Rita Chantre / Observador

Dez anos de Observador em 80 fotografias, numa exposição que é “a consciência contemporânea do tempo que vivemos”

Uma exposição, 80 fotografias e "um caminho enorme que foi percorrido" ao longo de 10 anos. Foi inaugurada a mostra que celebra uma década de existência do Observador, em todas as suas dimensões.

“Informar tudo o que é importante de forma independente, informar de forma diferente, informar de forma mais exigente e mais respeitadora da inteligência dos nossos leitores.” É esta frase que brinda quem desça as escadas da Galeria Pintor Fernando de Azevedo da Sociedade de Belas Artes, em Lisboa, para ver a exposição Observador 10 Anos. Mais do que declaração de intenções, esta é a celebração de uma década com uma mostra de mais de oitenta fotografias.

Patente até 8 de dezembro e de entrada livre, a exposição — com curadoria de Patrícia Reis — espelha o rumo do jornal ao longo de 10 anos, demonstrando o que de bom e de mau, surpreendente e comovente, ocorreu no país e no mundo, captado pela lente dos seus fotojornalistas. E foi ao Observador que a jornalista, editora e escritora — além de curadora de outras mostras de fotografia, como a de Alfredo Cunha — explicou como foi preparar uma iniciativa assim.

Tudo começou com uma sugestão de João Porfírio — editor de fotografia do Observador e autor de muitas das imagens que adornam esta exposição —, sabendo da experiência e predileção de Patrícia Reis por este meio. “Achei, ‘caramba, isto é perfeito’, é juntar jornalismo, que é uma paixão minha, com a fotografia, que é outra”, conta. “Claro que eu não sabia que cada mês de cada ano de existência do jornal tinha para cima de 2.600 fotografias em arquivo.
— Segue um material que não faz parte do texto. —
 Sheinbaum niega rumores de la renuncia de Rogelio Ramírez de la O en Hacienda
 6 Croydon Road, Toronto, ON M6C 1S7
Claro que eu não fazia a mais pequena ideia desta realidade”, confessa em tom de brincadeira, entre risos.

Rita Chantre / Observador

Foi, portanto, difícil proceder a uma seleção, “mas ao mesmo tempo gratificante, porque passamos em revista uma década”. “A fotografia é uma primeira consciência contemporânea do tempo que vivemos. É um princípio de um contar de história, é o que te fixa o acontecimento ou o protagonista. É fundamental que exista este trabalho de fixação dos acontecimentos que são mais relevantes para uma sociedade e do desempenho dos seus protagonistas, porque é um princípio de fixação da nossa história contemporânea. E essa é a parte mais importante, porque nós precisamos ter memória”, afirma.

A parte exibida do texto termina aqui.